A word-for-word reproduction of the data below is needed, with no pictures in it.

▶ [MATERIAL PROVIDED]:
+ + + + +

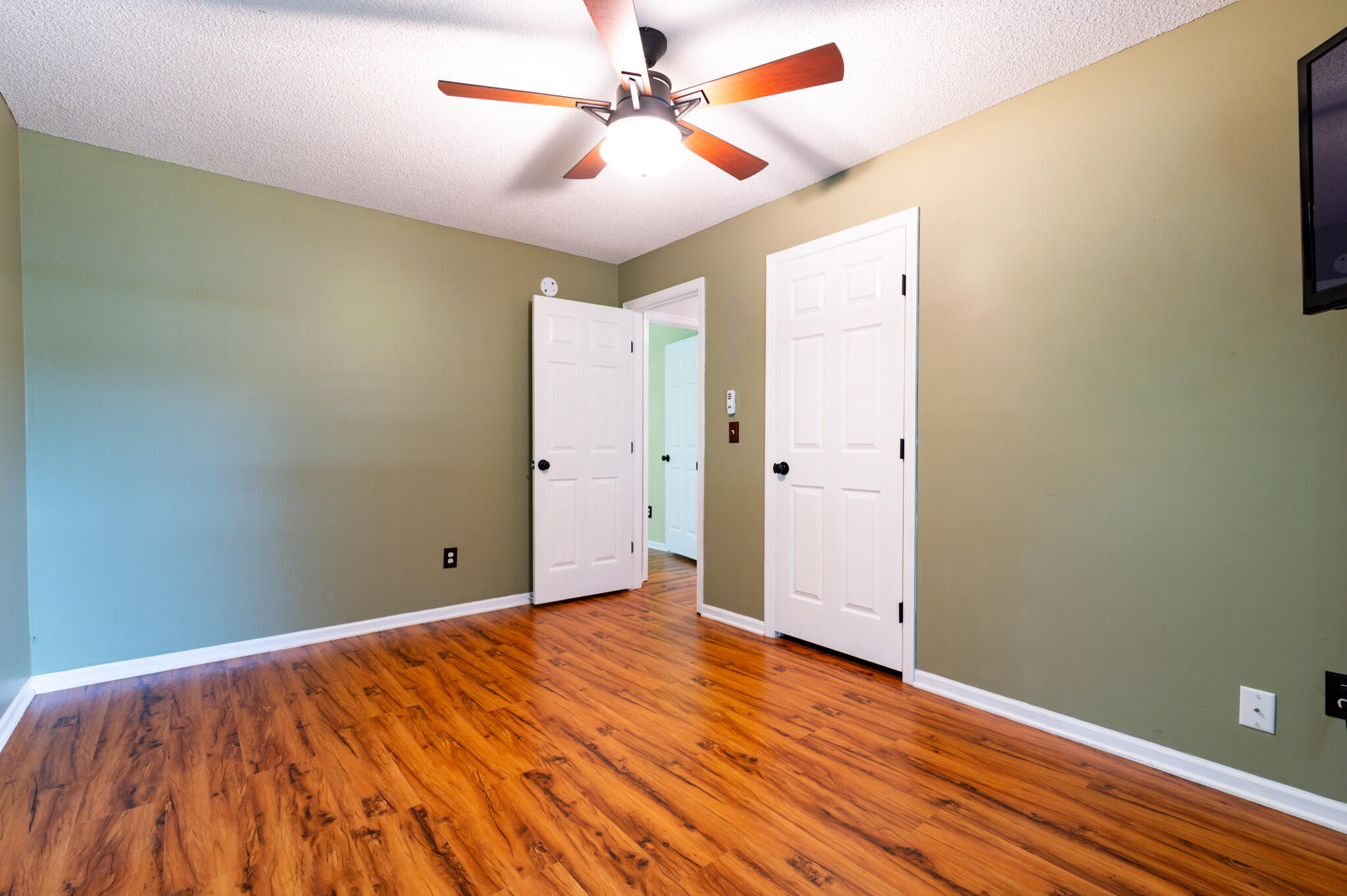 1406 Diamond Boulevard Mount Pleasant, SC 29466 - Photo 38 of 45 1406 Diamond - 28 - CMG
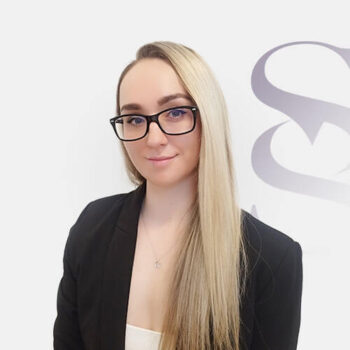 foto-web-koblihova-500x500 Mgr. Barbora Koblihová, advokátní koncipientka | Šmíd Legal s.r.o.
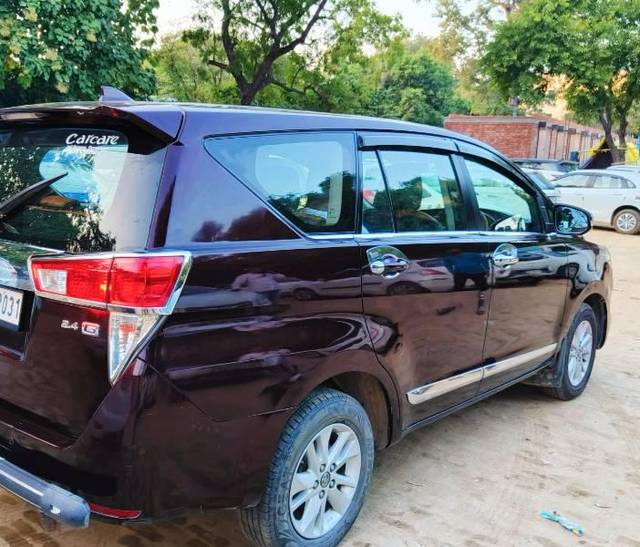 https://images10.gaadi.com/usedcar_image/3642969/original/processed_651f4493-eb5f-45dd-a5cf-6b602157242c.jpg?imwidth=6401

+ + + + +

▶ [WRITTEN ANSWER]:
 1406 Diamond Boulevard Mount Pleasant, SC 29466 - Photo 38 of 45 1406 Diamond - 28 - CMG
 foto-web-koblihova-500x500 Mgr. Barbora Koblihová, advokátní koncipientka | Šmíd Legal s.r.o.
 https://images10.gaadi.com/usedcar_image/3642969/original/processed_651f4493-eb5f-45dd-a5cf-6b602157242c.jpg?imwidth=6401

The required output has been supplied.